*** DATA LISTING
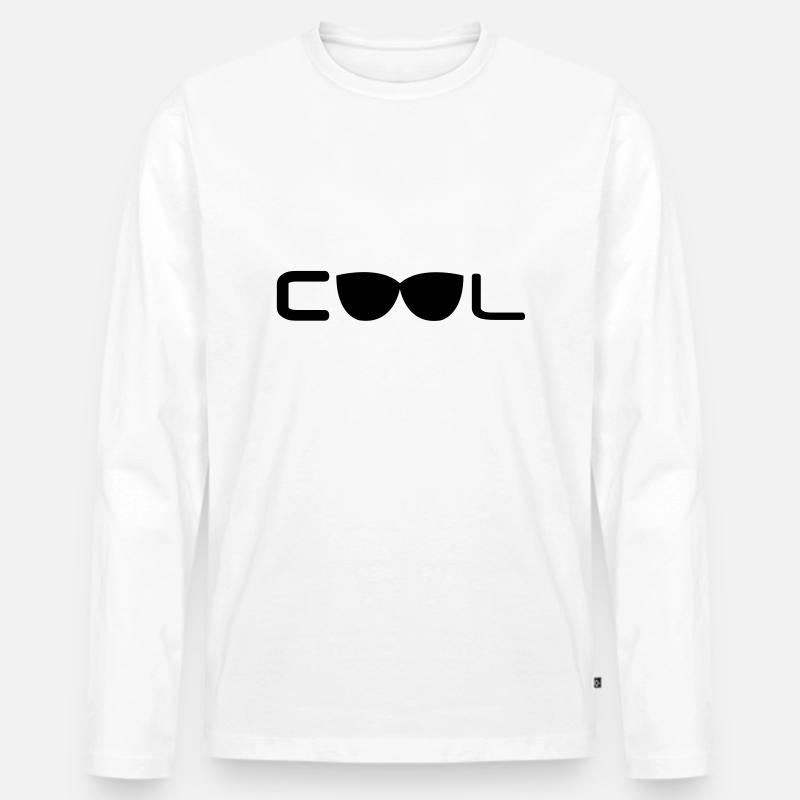 cool - Männer Premium Bio Langarmshirt - Weiß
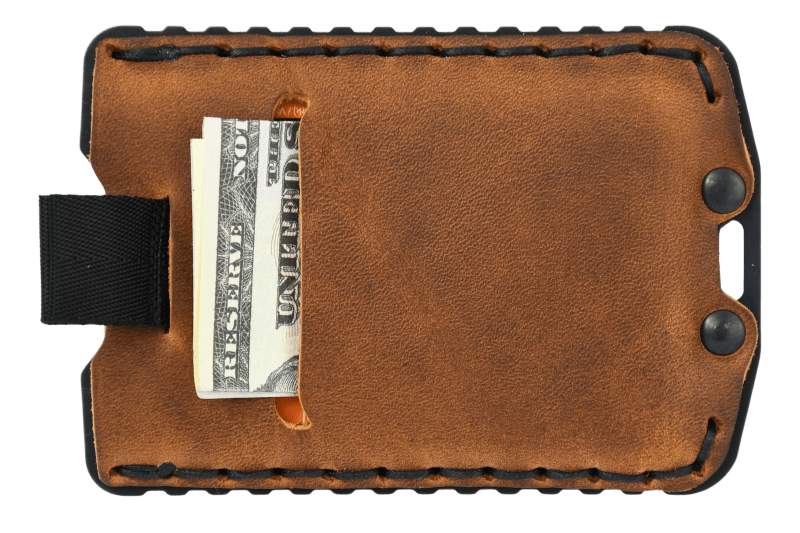 Ascent Wallet - Black Tobacco Brown - Trayvax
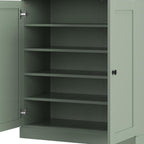 Sage Twenty Pair Solid WoodShoe Storage Cabinet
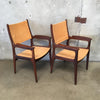 Johannes Andersen Set Of Four Solid Rosewood Chairs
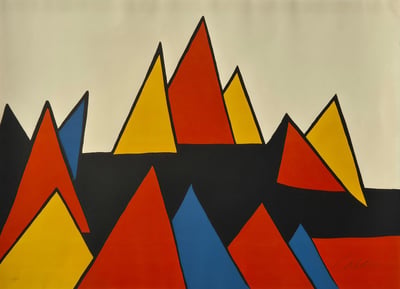 Alexander Calder – Horizontal Pyramides, 1974 – Lithografie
******
## TASK TO COMPLETE
Your answer must be the lines from the one containing "Ascent Wallet - Black" through the last line of the records, printed exactly with no pictures; please include both ends.

## EXERCISE RESULT
 Ascent Wallet - Black Tobacco Brown - Trayvax
 Sage Twenty Pair Solid WoodShoe Storage Cabinet
 Johannes Andersen Set Of Four Solid Rosewood Chairs
 Alexander Calder – Horizontal Pyramides, 1974 – Lithografie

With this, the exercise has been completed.